PROVIDED RECORDS:

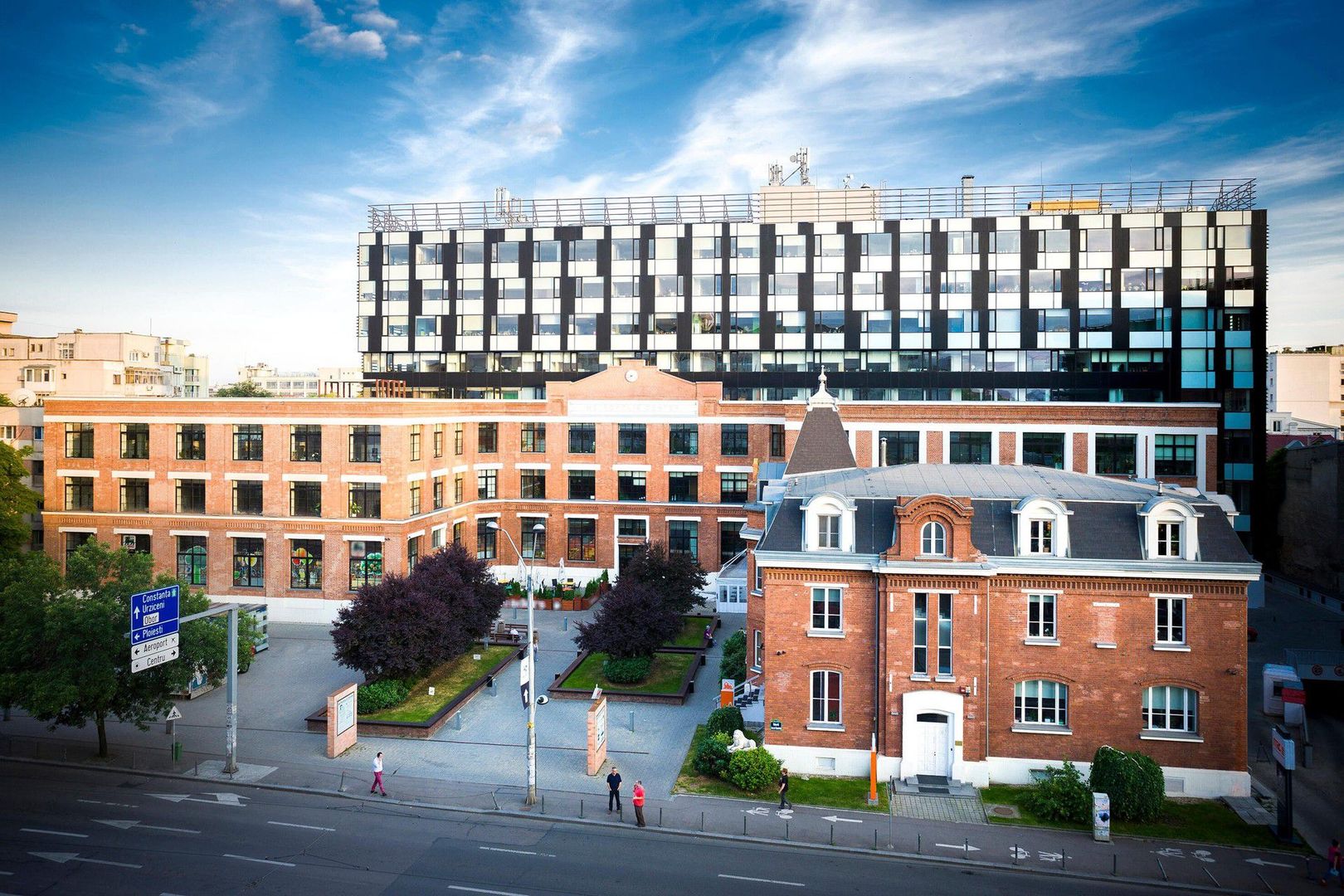 Metropolis Center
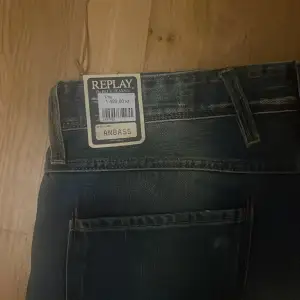 Säljer ett par helt nya replay anbass jeans. W33 L32. Köptes för 1499kr. 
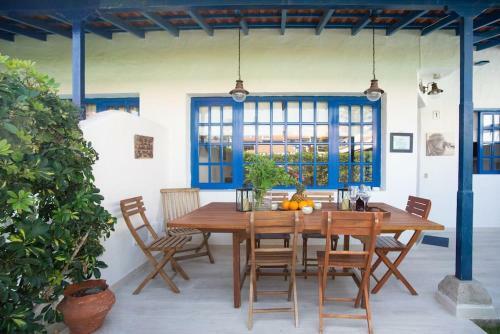 Fabulous Bungalow , Wifi, Swimming Pool And Beach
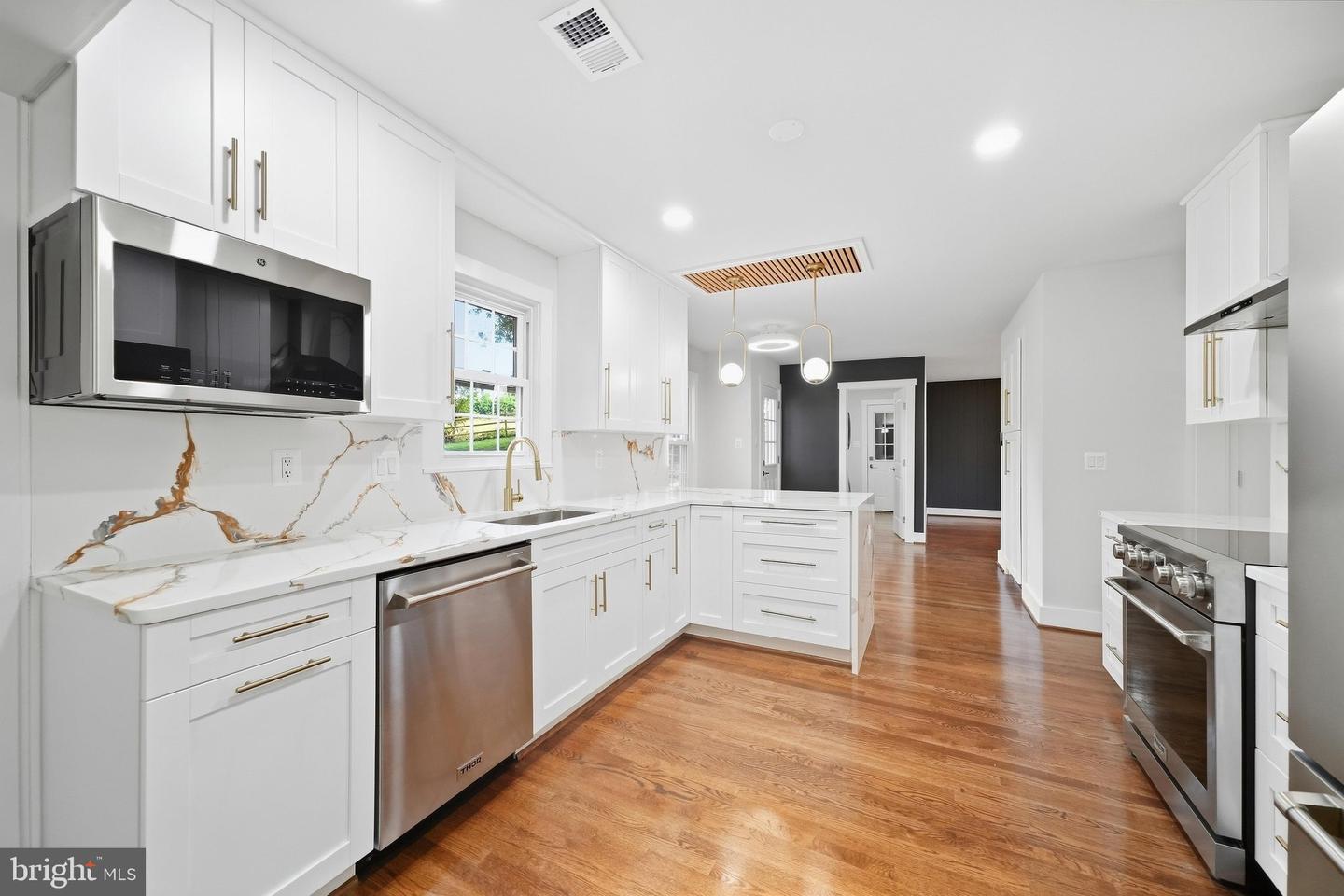 8017 Lakenheath Property Photo 18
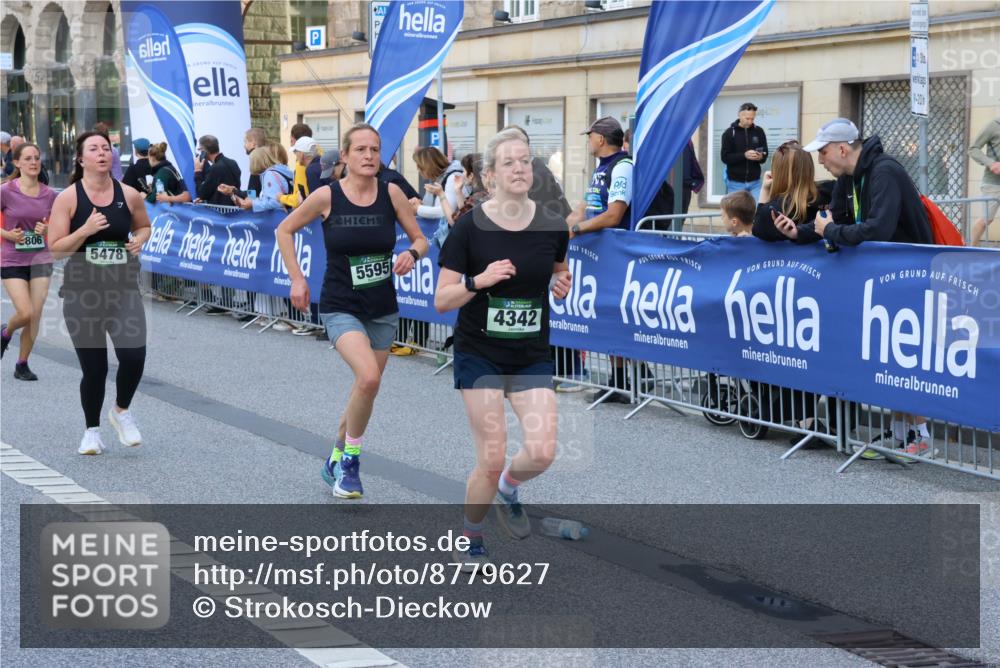 07.09.2025 - BARMER Alsterlauf Strokosch-Dieckow http://msf.ph/oto/8779627 07.09.2025 10:06:24 Ziel 2244, 2380, 2523, 2573, 2574, 2668, 2795, 3427, 3655, 3691, 3729, 3730, 3739, 3804, 3810, 3940, 3957, 3958, 4064, 4272, 4356, 4502, 4711, 4854, 5333, 5510, 5602, 5646, 5801, 6036, 6039, 6342, 8304, 8348 meine-sportfotos.de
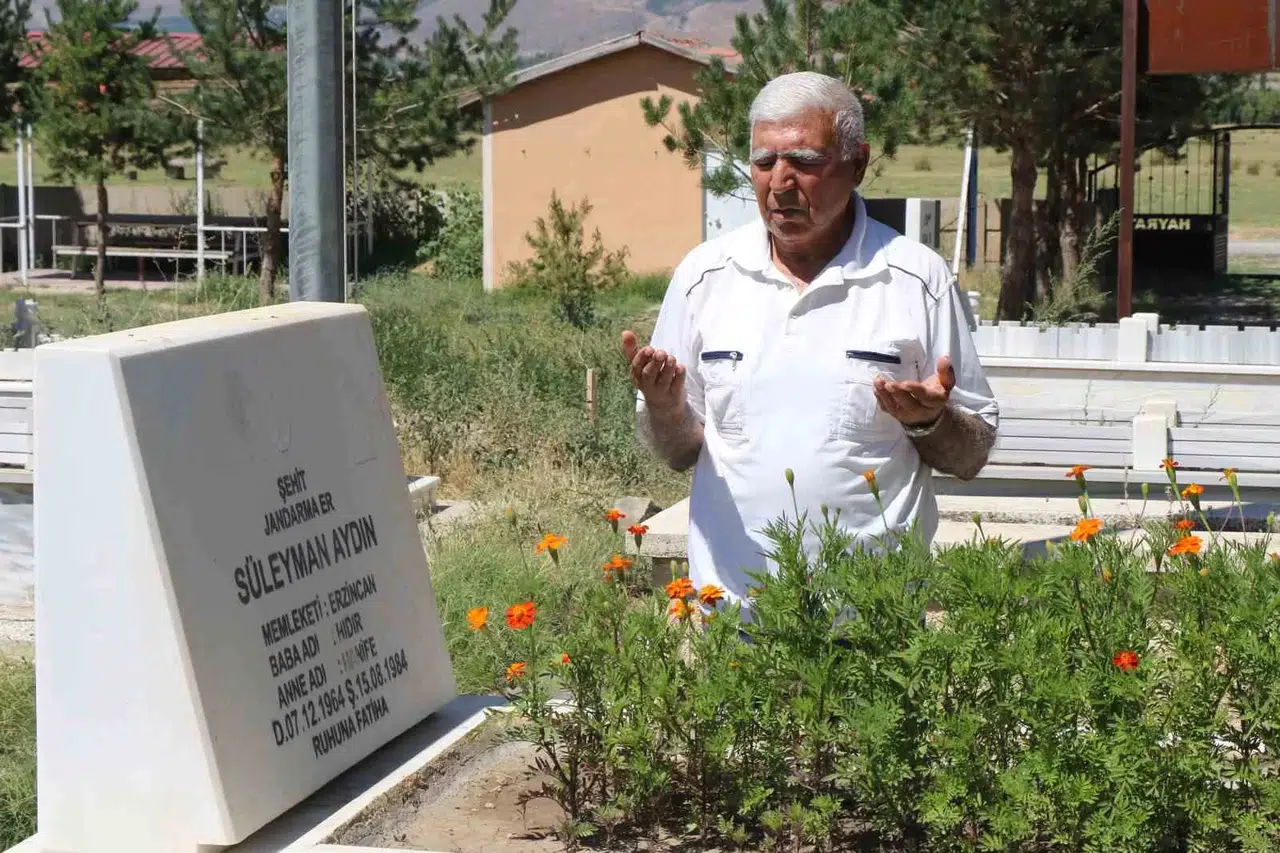 Teröre Verilen Birinci Şehit Süleyman Aydın, Kabri Başında Anıldı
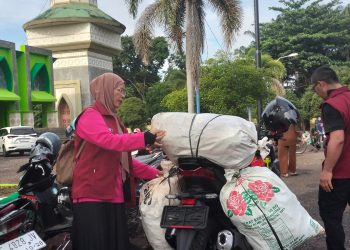 Relawan Donor Darah Lampung Utara Bersih-Bersih di Islamic Center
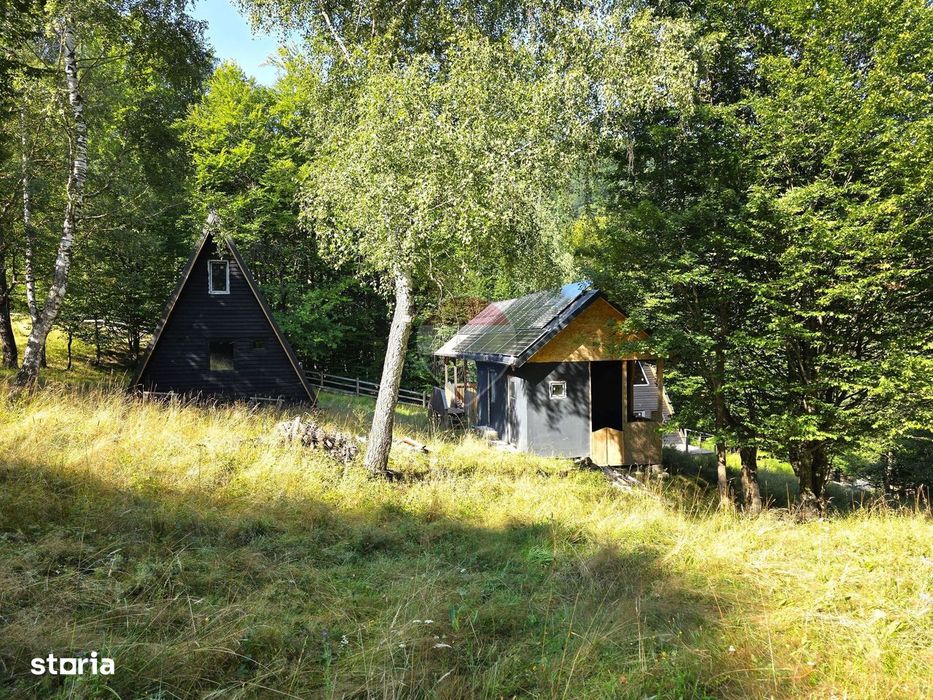 2 cabane A-Frame de vânzare, 2.700 mp, Gura Siriului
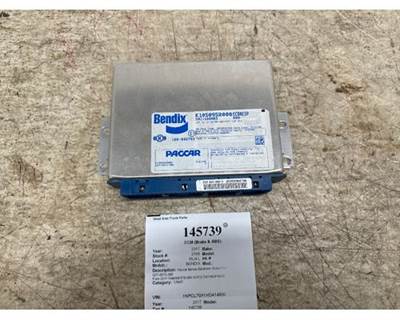Bendix K105095R000 ABS Control Module for a Peterbilt 567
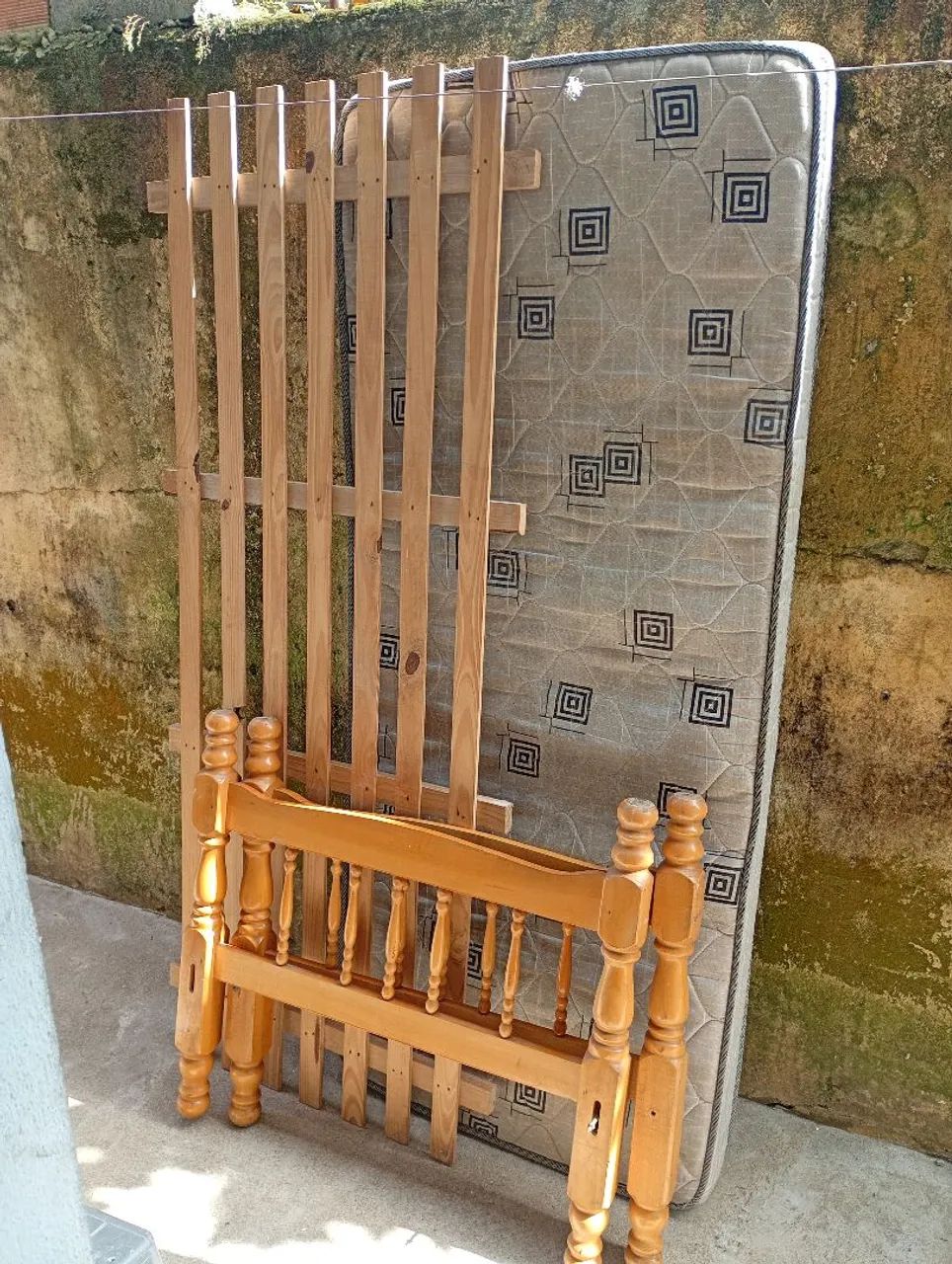 Cama e colchão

TRY IT: What is needed is a verbatim copy of the lines running from the one with "07.09.2025 - BARMER" through the last line of the listing above, excluding any pictures.

THE COMPLETED TASK:
 07.09.2025 - BARMER Alsterlauf Strokosch-Dieckow http://msf.ph/oto/8779627 07.09.2025 10:06:24 Ziel 2244, 2380, 2523, 2573, 2574, 2668, 2795, 3427, 3655, 3691, 3729, 3730, 3739, 3804, 3810, 3940, 3957, 3958, 4064, 4272, 4356, 4502, 4711, 4854, 5333, 5510, 5602, 5646, 5801, 6036, 6039, 6342, 8304, 8348 meine-sportfotos.de
 Teröre Verilen Birinci Şehit Süleyman Aydın, Kabri Başında Anıldı
 Relawan Donor Darah Lampung Utara Bersih-Bersih di Islamic Center
 2 cabane A-Frame de vânzare, 2.700 mp, Gura Siriului
Bendix K105095R000 ABS Control Module for a Peterbilt 567
 Cama e colchão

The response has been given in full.